**Exercise directions**
Give back the records below verbatim, please, but without a single image.

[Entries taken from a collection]
-- Opening Marker --
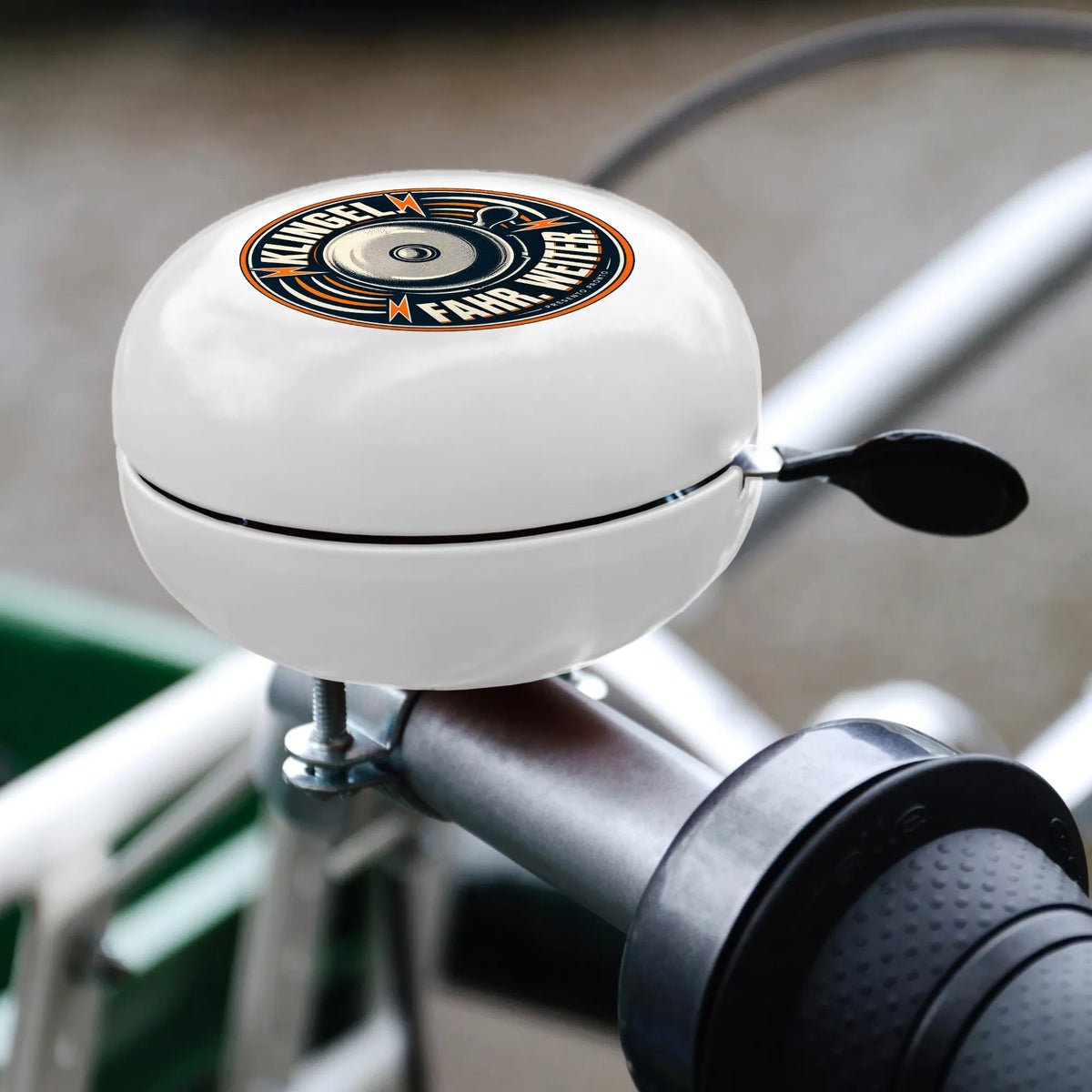 Coole Fahrradklingel mit Retro Fahrrad für Teenager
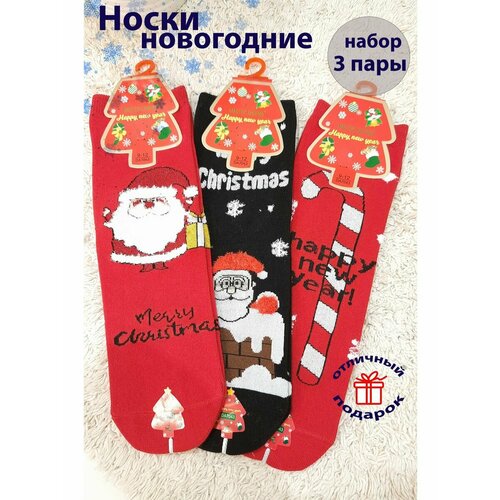 фото Носки мастер хлопка 3 пары, размер 31/37, красный, черный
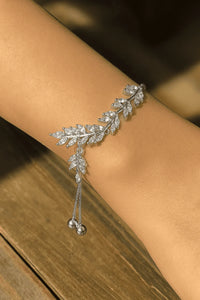 4u Jewelry Cubic Zirconia Bracelet – Leaf – Silver finish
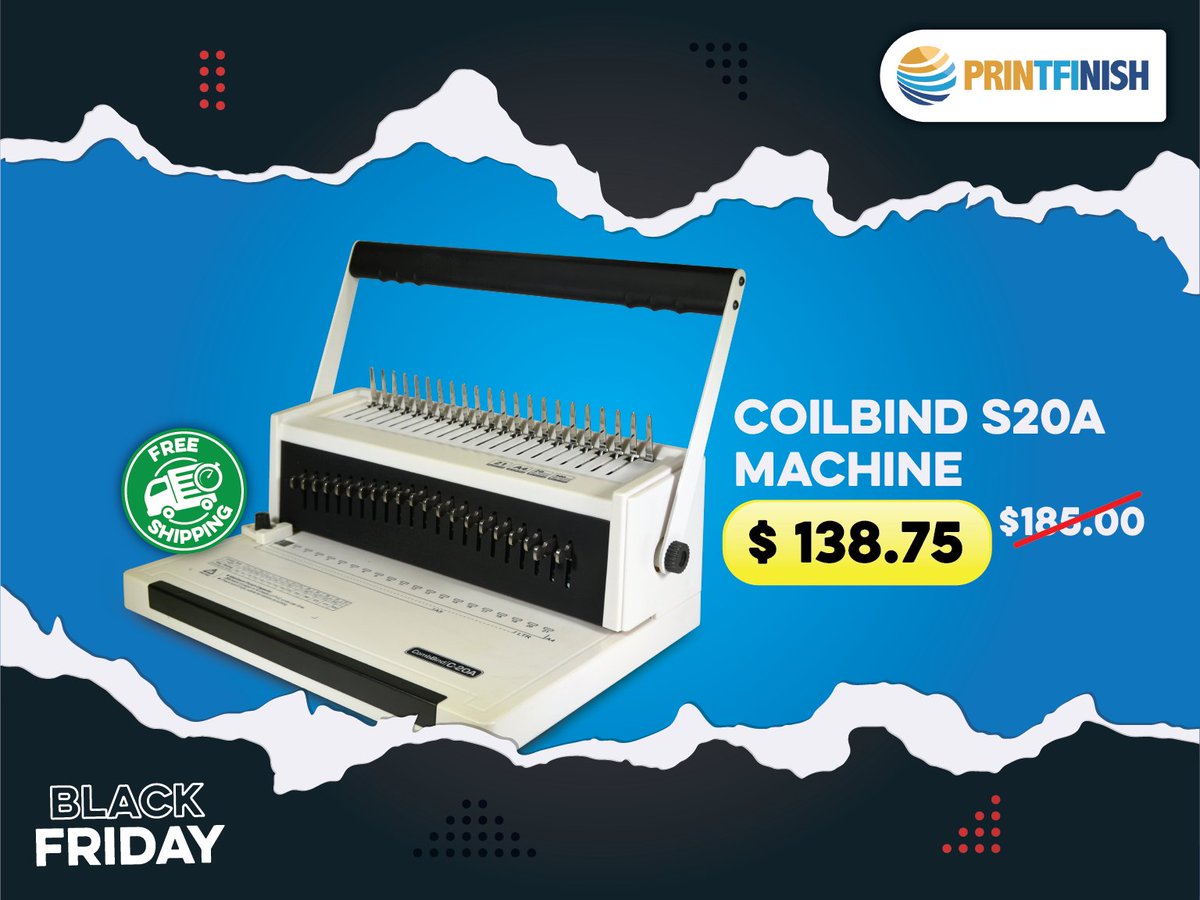 print_finish's tweet image. #BlackFriday has arrived at PrintFinish! Get 25%OFF on the amazing #CombBind C20A Machine + Free Shipping to North America. But hurry up, this promotion will end soon.

Learn more: ow.ly/JxkS50xmAEm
-- Closing Marker --
**Exercise output**
 Coole Fahrradklingel mit Retro Fahrrad für Teenager
 фото Носки мастер хлопка 3 пары, размер 31/37, красный, черный
 4u Jewelry Cubic Zirconia Bracelet – Leaf – Silver finish
 print_finish's tweet image. #BlackFriday has arrived at PrintFinish! Get 25%OFF on the amazing #CombBind C20A Machine + Free Shipping to North America. But hurry up, this promotion will end soon.

Learn more: ow.ly/JxkS50xmAEm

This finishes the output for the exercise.